▼

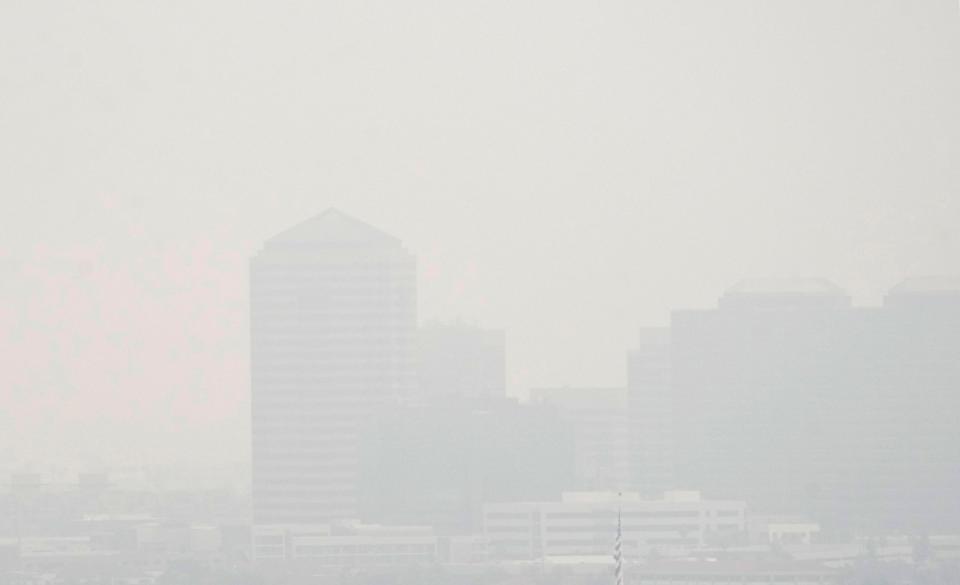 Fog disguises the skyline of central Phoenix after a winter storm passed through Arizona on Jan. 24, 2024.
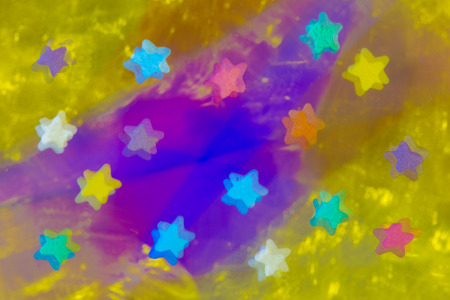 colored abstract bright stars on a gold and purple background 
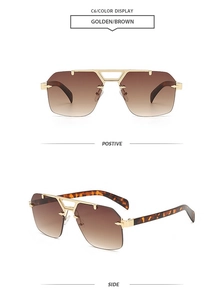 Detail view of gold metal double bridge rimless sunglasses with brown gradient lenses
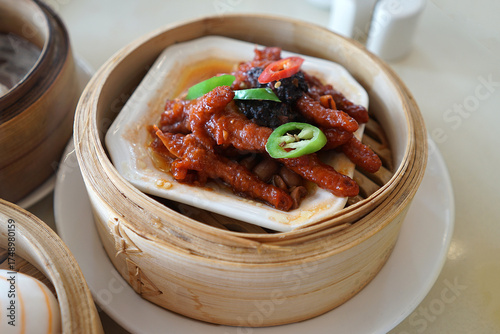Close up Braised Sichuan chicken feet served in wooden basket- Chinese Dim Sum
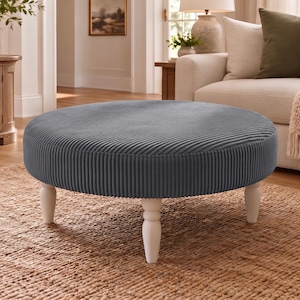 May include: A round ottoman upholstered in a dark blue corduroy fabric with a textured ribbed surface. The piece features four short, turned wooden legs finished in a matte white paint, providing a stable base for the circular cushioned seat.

▲
▼

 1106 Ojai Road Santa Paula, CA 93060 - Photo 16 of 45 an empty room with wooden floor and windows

▲

> _Description of the task_
Reproduce, word for word, only the lines in the records above from the line with "Fog disguises the" through the line with "May include: A", including both ends; omit the pictures.

> _Answer to this task_
 Fog disguises the skyline of central Phoenix after a winter storm passed through Arizona on Jan. 24, 2024.
 colored abstract bright stars on a gold and purple background 
 Detail view of gold metal double bridge rimless sunglasses with brown gradient lenses
Close up Braised Sichuan chicken feet served in wooden basket- Chinese Dim Sum
 May include: A round ottoman upholstered in a dark blue corduroy fabric with a textured ribbed surface. The piece features four short, turned wooden legs finished in a matte white paint, providing a stable base for the circular cushioned seat.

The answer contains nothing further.